Israel used electronic attack in air strike against Syrian mystery target

Mysteries still surround Israel's air strike against Syria. Where was the attack, what was struck and how did Israel's non-stealthy warplanes fly undetected through the Russian-made air defense radars in Syria?

There also are clues that while the U.S. and Israel are struggling in the broader information war with Islamic fundamentalists, Tel Aviv's air attack against a "construction site" in northern Syria may mean the two countries are beginning to win some cyberwar battles.

U.S. officials say that close examination of the few details of the mission offers a glimpse of what's new in the world of sophisticated electronic sleight-of-hand. That said, they fault the Pentagon for not moving more quickly to make cyberwarfare operational and for not integrating the capability into the U.S. military forces faster.

Syrian President Bashar al-Assad said last week that the Israelis struck a building site at Tall al-Abyad just south of the Turkish border on Sept. 6. Press reports from the region say witnesses saw the Israeli aircraft approach from the Mediterranean Sea while others said they found unmarked drop tanks in Turkey near the border with Syria. Israeli defense officials finally admitted Oct. 2 that the Israeli Air Force made the raid.

U.S. aerospace industry and retired military officials indicated the Israelis utilized a technology like the U.S.-developed "Suter" airborne network attack system developed by BAE Systems and integrated into U.S. unmanned aerial vehicle operations by L-3 Communications. Israel has long been adept at using unmanned systems to provoke and spoof Syrian surface-to-air missile (SAM) systems, as far back as the Bekka Valley engagements in 1982.

Air Force officials will often talk about jamming, but the term now involves increasingly sophisticated techniques such as network attack and information warfare. How many of their new electronic attack options were mixed and matched to pull off this raid is not known.

The U.S. version of the system has been at the very least tested operationally in Iraq and Afghanistan in the last year, most likely against insurgent communication networks.
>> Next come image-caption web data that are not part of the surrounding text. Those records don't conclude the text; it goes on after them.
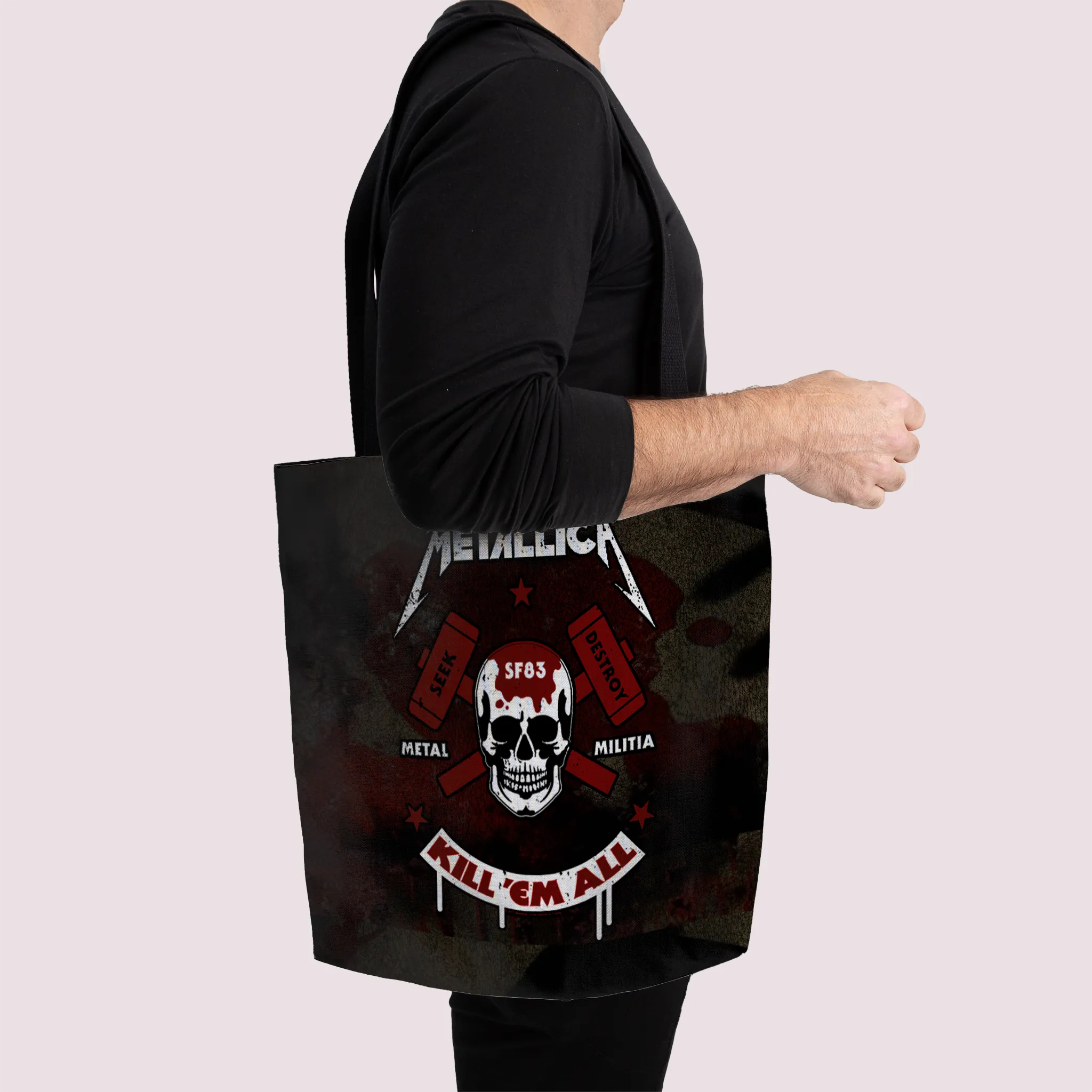 Rocksax Metallica Premier Tote Bag - Kill Um All Skull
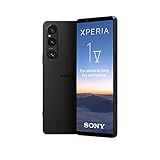 Sony Xperia 1 V (Next Gen Exmor T Sensor, 6,5 Zoll, 21:9, 4K HDR OLED, 120Hz, Dreifach-Objektiv (ZEISS), 3,5mm Klinke, Android 14, IP65/68) 24+12 Monate Herstellergarantie [Amazon Exklusiv] Schwarz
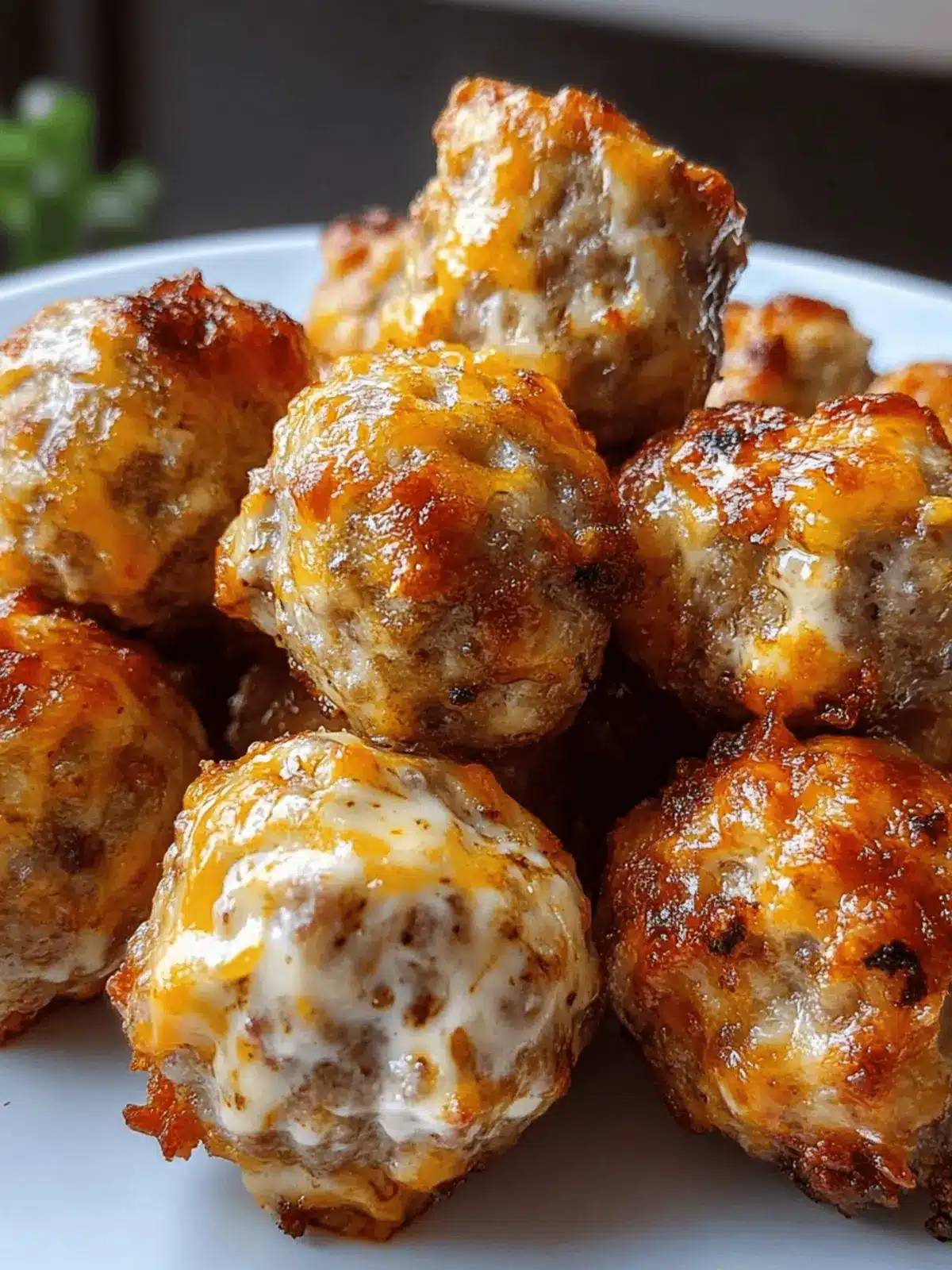 Rotel Cream Cheese Sausage Balls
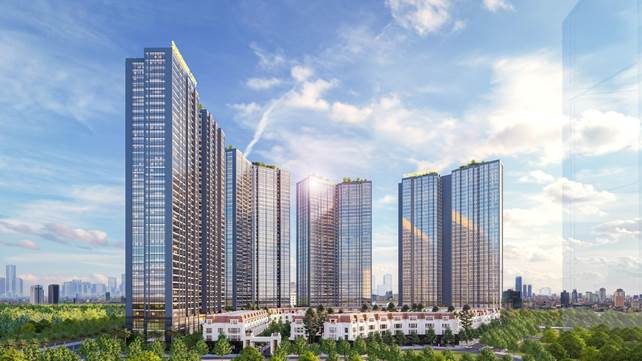 Phối cảnh Sunshine City - một dự án nổi bật tại khu Tây Hồ Tây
The technology allows users to invade communications networks, see what enemy sensors see and even take over as systems administrator so sensors can be manipulated into positions where approaching aircraft can't be seen, they say. The process involves locating enemy emitters with great precision and then directing data streams into them that can include false targets and misleading messages that allow a number of activities including control.

Clues, both good and unlikely, are found in Middle East press reports. At least one places some responsibility for the attack's success on the U.S.

After the strike, the Kuwaiti newspaper Al Watan reported that U.S. jets provided aerial cover for Israeli strike aircraft during the attack on Syria. Similar statements of American involvement were made by Egyptian officials after the 1967 and 1973 wars with Israel.

More interesting is the newspaper's claim that "Russian experts are studying why the two state-of-the-art Russian-built radar systems in Syria did not detect the Israeli jets entering Syrian territory," it said. "Iran reportedly has asked the same question, since it is buying the same systems and might have paid for the Syrian acquisitions."